*** The data ***

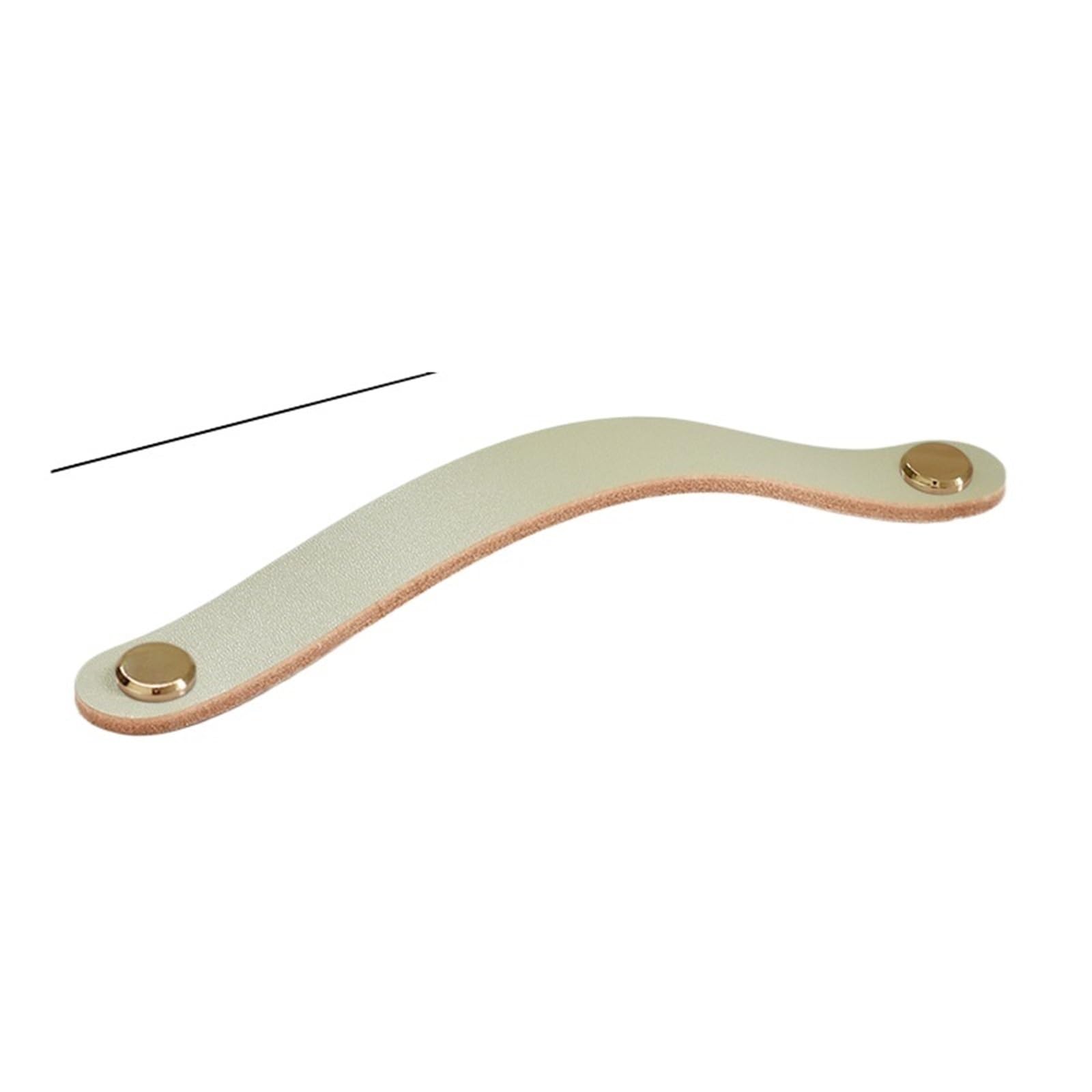 Wyqxty Golden Leather Cabinet Handles Leather Drawer Pulls Multicolor 96-160Mm(,160Mm)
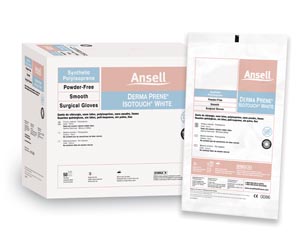 Ansell Gammex® Non-Latex PI White Powder-Free Synthetic Surgical Gloves, Size 8½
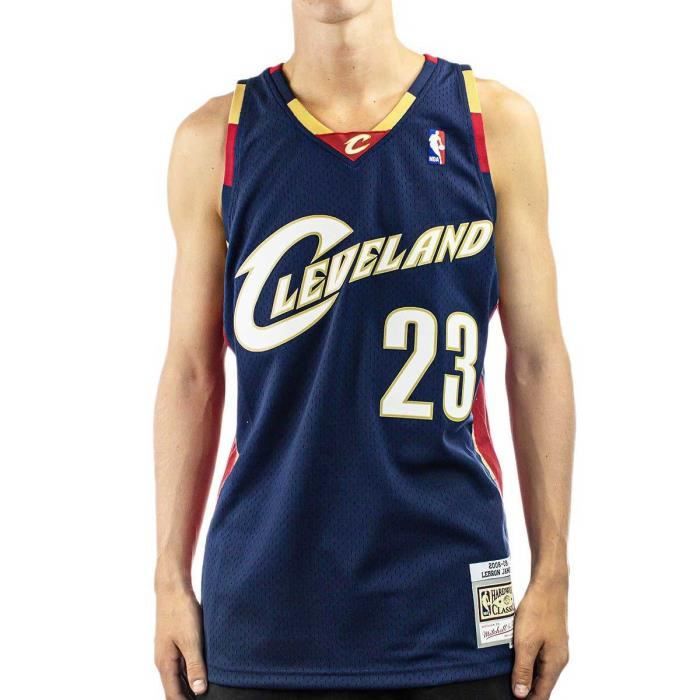 Débardeur Homme - MITCHELL & NESS - Swingman - Cleveland Cavaliers - LeBron James #23 - Hardwood Classics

*** End of The data ***

## What you need to do
Except for the pictures, return every line of the material exactly.

## Result of this task
 Wyqxty Golden Leather Cabinet Handles Leather Drawer Pulls Multicolor 96-160Mm(,160Mm)
 Ansell Gammex® Non-Latex PI White Powder-Free Synthetic Surgical Gloves, Size 8½
 Débardeur Homme - MITCHELL & NESS - Swingman - Cleveland Cavaliers - LeBron James #23 - Hardwood Classics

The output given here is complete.